Treating acne requires patients to be diligent about their skin care routine, so nonadherence is a major barrier to successful treatment. Caregivers can help by using positive reinforcement at home to encourage using medications as prescribed.Prescribers may incorporate patient preferences when developing the plan so maximize compliance.

HCPLive: Can you touch on some of the novel therapies that are detailed in your session?

Hawryluk, MD, PhD: There are several emerging therapies on the horizon, including new formulations of existing medications and novel modalities as well. During this talk I provide an overview of a new narrow narrow-spectrum tetracycline with anti-inflammatory properties with a narrow side effect profile.There are novel formulations of antibiotics as foam, topical hormonal therapies, and a 4th generation topical retinoid.nAll of these medications are new and cost, accessibility and lack of direct comparison with other acne treatment modalities should be taken into consideration.

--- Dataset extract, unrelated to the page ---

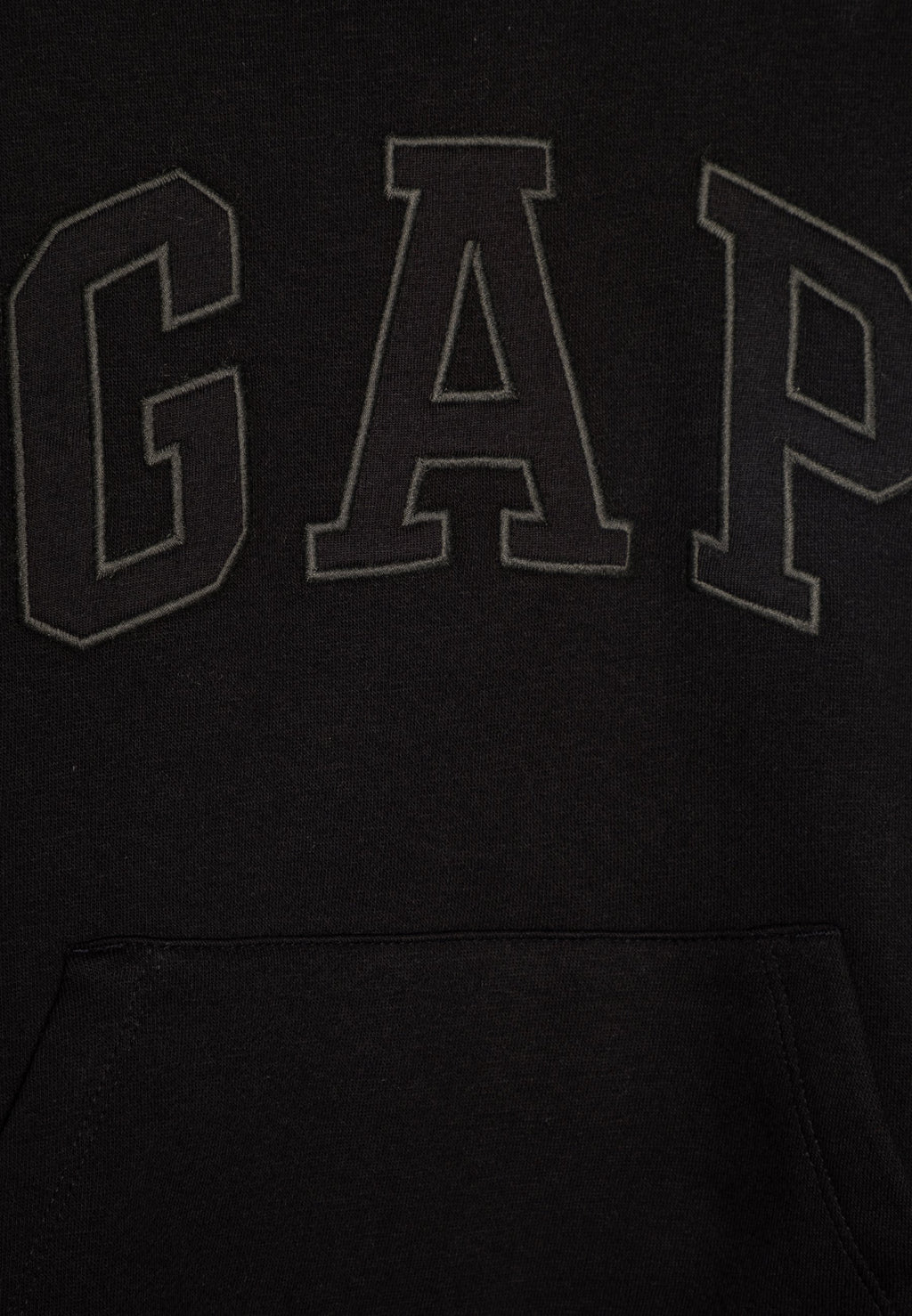 KIDS RELAXED GAP LOGO HOODIE - Hoodie - true black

HCPLive: How do you devise effective treatment plans for affected patients? What can be done to better treat this patient population in the coming years, and how would you like this area of research to evolve over time?

Hawryluk, MD, PhD: It is important to first consider what type of acne your patients have (comedonal, inflammatory, both) and determine the severity. There are many algorithms available online to help aid in appropriate medication selection. The 2018 practical management guidelines that were published in the Journal of the American Academy of Dermatology have a nice summary table with associated pictures to help make this decision.

As always, close follow-up with re-evaluation of your treatment plan is necessary - if it's not working then change it! Attention to treating acne effectively and early would be beneficial in the coming years to reduce the amount of scarring and more permanent changes that are difficult to treat. Research efforts focusing on improving tolerability of existing therapies also be helpful.